:: THE PROBLEM ::
Reproduce the following data exactly, minus any images.

*** Opening of INFORMATION SUPPLIED ***

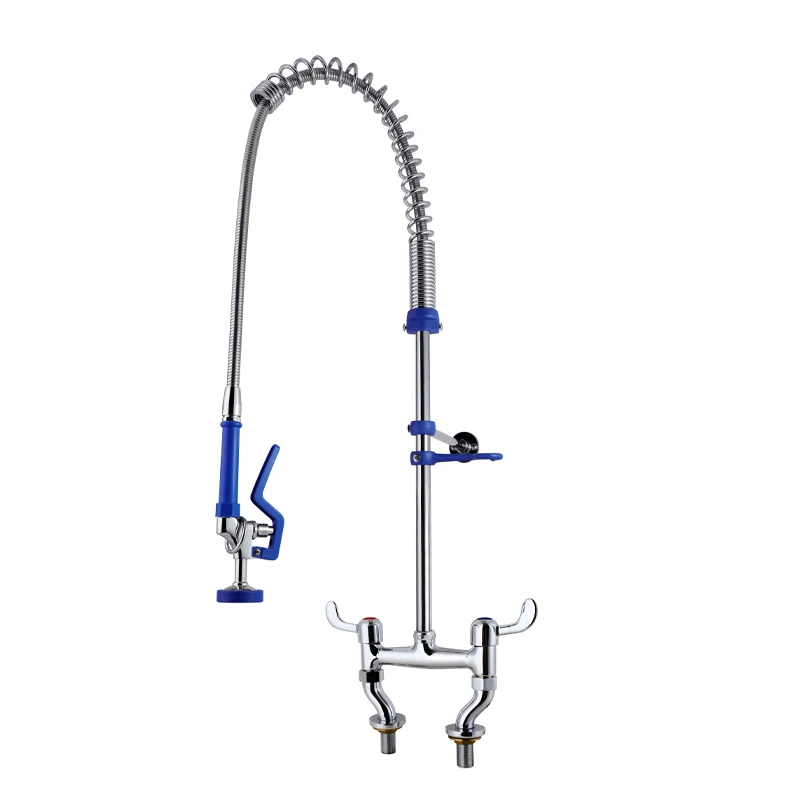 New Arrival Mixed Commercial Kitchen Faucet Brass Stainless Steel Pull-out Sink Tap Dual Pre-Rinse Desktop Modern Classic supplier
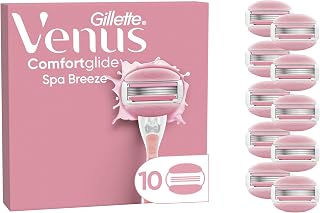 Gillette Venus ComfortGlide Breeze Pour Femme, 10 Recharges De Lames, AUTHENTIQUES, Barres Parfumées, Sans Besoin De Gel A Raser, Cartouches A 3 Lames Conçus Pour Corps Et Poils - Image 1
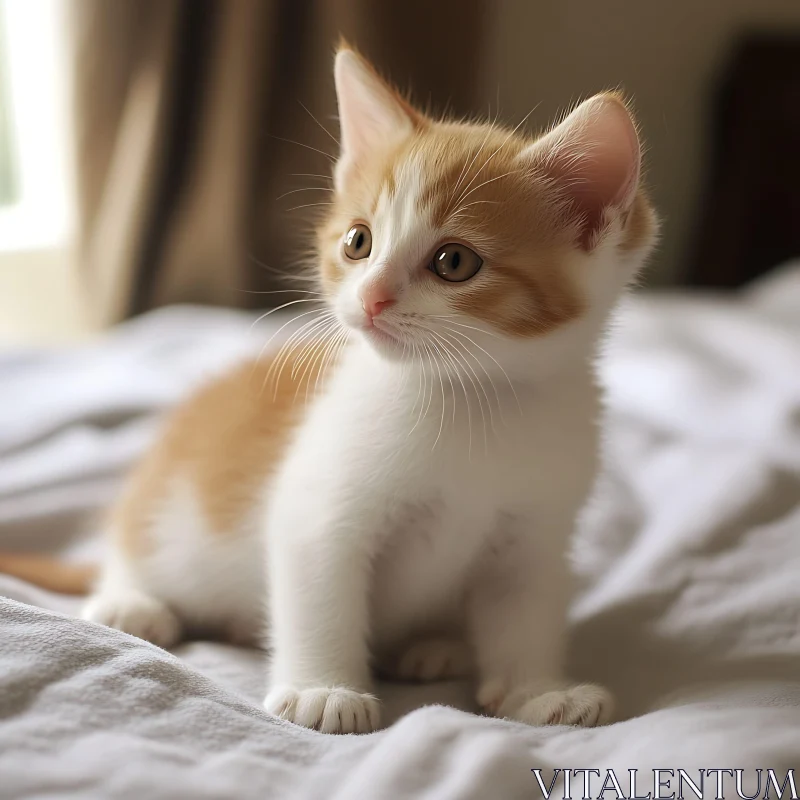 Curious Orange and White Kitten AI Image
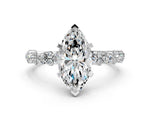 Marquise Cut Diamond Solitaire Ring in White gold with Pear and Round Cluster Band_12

*** Close of INFORMATION SUPPLIED ***

:: WRITTEN ANSWER ::
 New Arrival Mixed Commercial Kitchen Faucet Brass Stainless Steel Pull-out Sink Tap Dual Pre-Rinse Desktop Modern Classic supplier
 Gillette Venus ComfortGlide Breeze Pour Femme, 10 Recharges De Lames, AUTHENTIQUES, Barres Parfumées, Sans Besoin De Gel A Raser, Cartouches A 3 Lames Conçus Pour Corps Et Poils - Image 1
 Curious Orange and White Kitten AI Image
 Marquise Cut Diamond Solitaire Ring in White gold with Pear and Round Cluster Band_12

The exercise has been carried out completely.